- **MATERIAL TO PROCESS**:

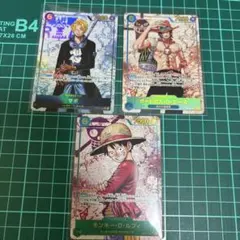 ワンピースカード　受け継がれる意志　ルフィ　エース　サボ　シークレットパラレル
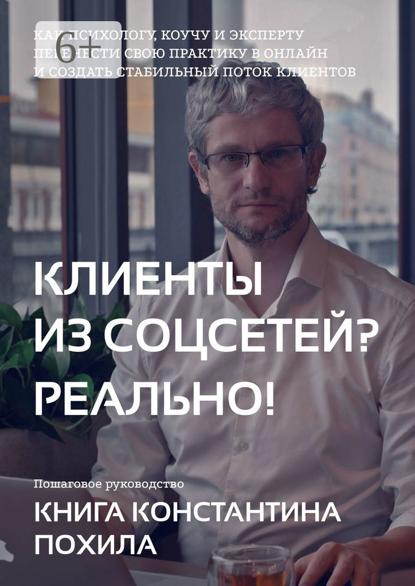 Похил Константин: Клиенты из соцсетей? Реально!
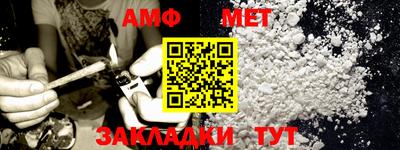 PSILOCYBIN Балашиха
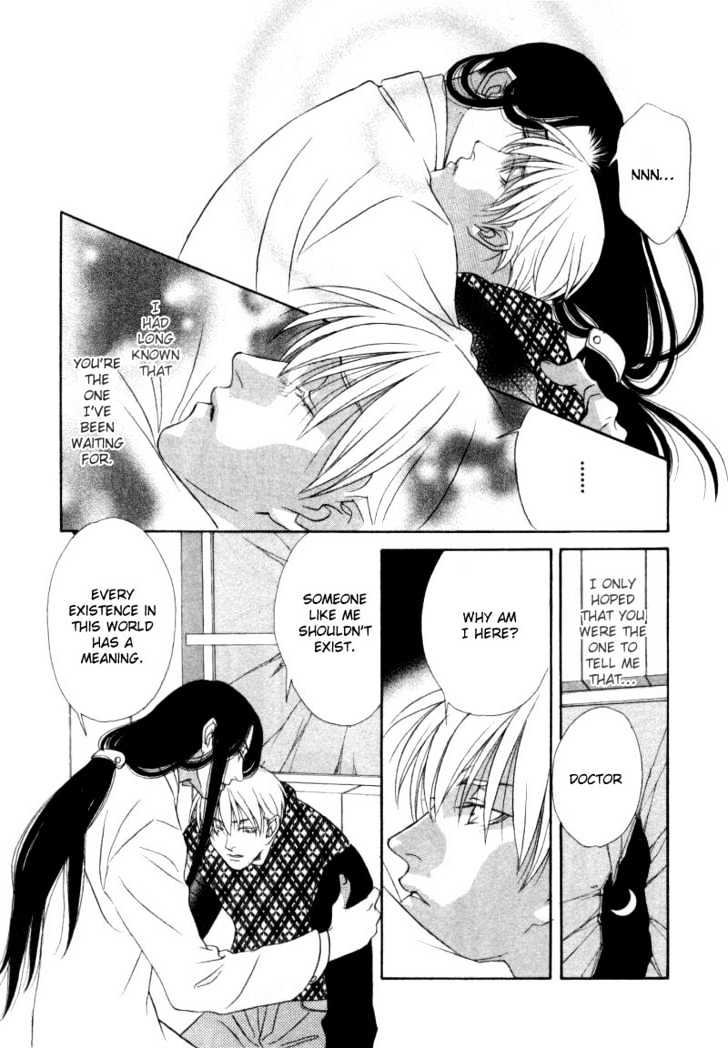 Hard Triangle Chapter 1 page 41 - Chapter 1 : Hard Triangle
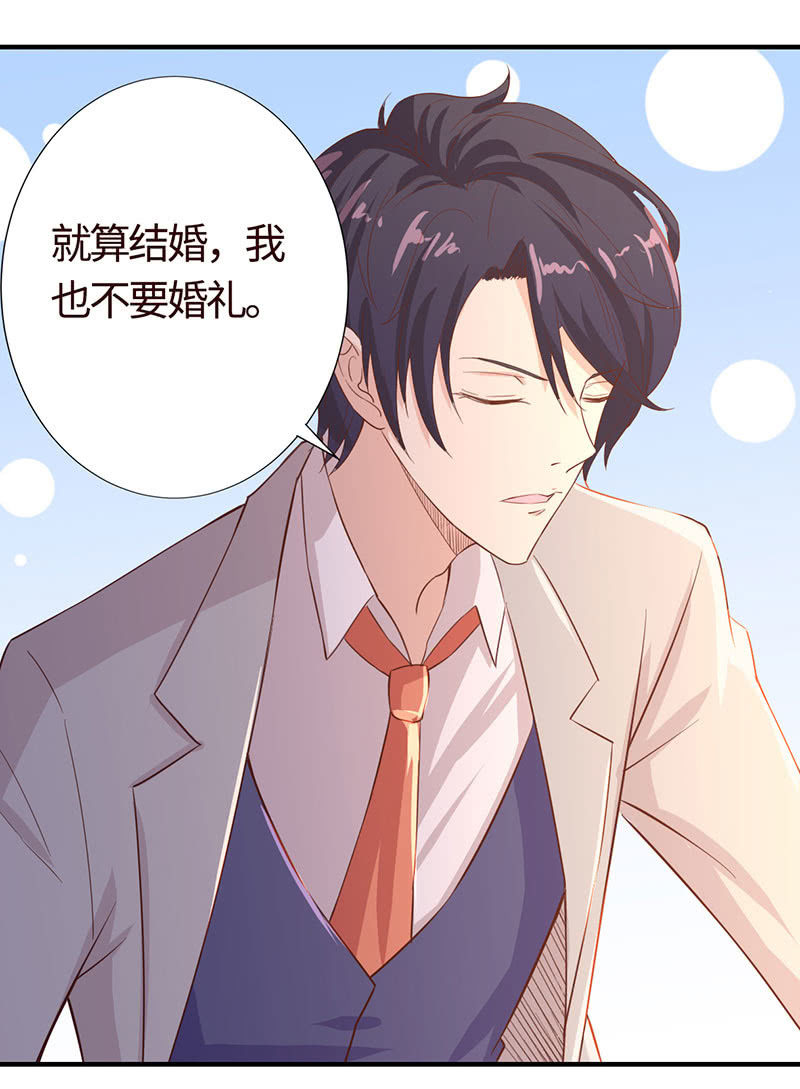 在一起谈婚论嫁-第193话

- **TASK PROMPT**: Take the line that contains "Hard Triangle Chapter" and every line after it up to the end of the records above, and restate them exactly, without the pictures.

- **OUTPUT BELOW**:
 Hard Triangle Chapter 1 page 41 - Chapter 1 : Hard Triangle
 在一起谈婚论嫁-第193话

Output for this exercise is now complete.